# until/till



## Encolpius

Hello, I've realized I'm confused about how to translate untill/till into Hungarian correctly. I've learnt until/till is followed by positive statement while unless by negative one. 

1) Let's wait until the rain stops. 

That's easy: Várjunk, míg eláll az eső. 
Várjunk, míg nem áll el az eső. (wrong??)

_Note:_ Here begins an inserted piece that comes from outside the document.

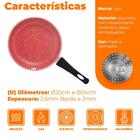 Frigideiras De Indução Revestimento Antiaderente Cerâmica 2 P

2) Wait here until I call you. 

Várj itt, amíg *nem *foglak hívni. (I think it is correct)
Várj itt, amíg hívni foglak. (sounds strange)
Várj itt, amíg nem hívlak.  

So my simple question is: what tense is required in Hungarian after until/till? I am really confused. Thanks.


----------



## Zsanna

You can use affirmative or negative in Hungarian after the until.

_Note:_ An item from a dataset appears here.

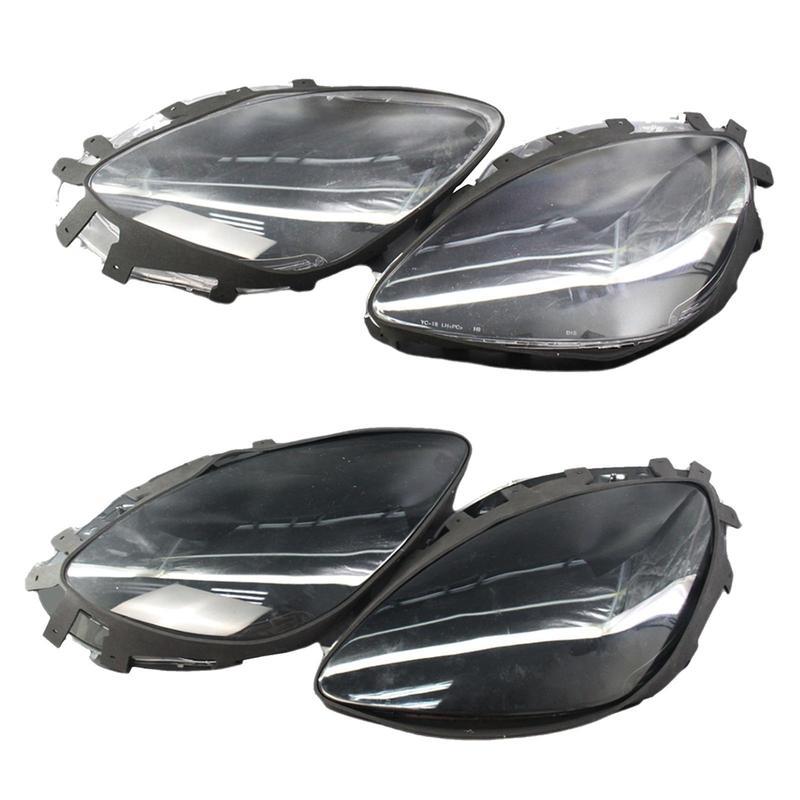1 Pair Headlight Len Shell Covers for C6 20789688 20936418 25867780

Let's wait until the rain stops.
a) Várjunk, míg eláll az eső!
b) Várjunk, míg el nem áll az eső!

Wait here until I call you.
a) Várj itt, amíg *nem *foglak hívni. (I think it just complicates things to introduce "foglak" because without it, it's OK -> see c))
I'd avoid it, it doesn't sound right - even though I can imagine that there are people who say it.

b) Várj itt, amíg hívlak/hívni foglak! Again, better without the "foglak" but even with it it is less strange than the one above. 
It certainly sounds better like this: Várj itt, majd hívlak.

c) Várj itt, amíg nem hívlak!

I would think that *unless* (_hacsak nem_...) is another kettle of fish.


----------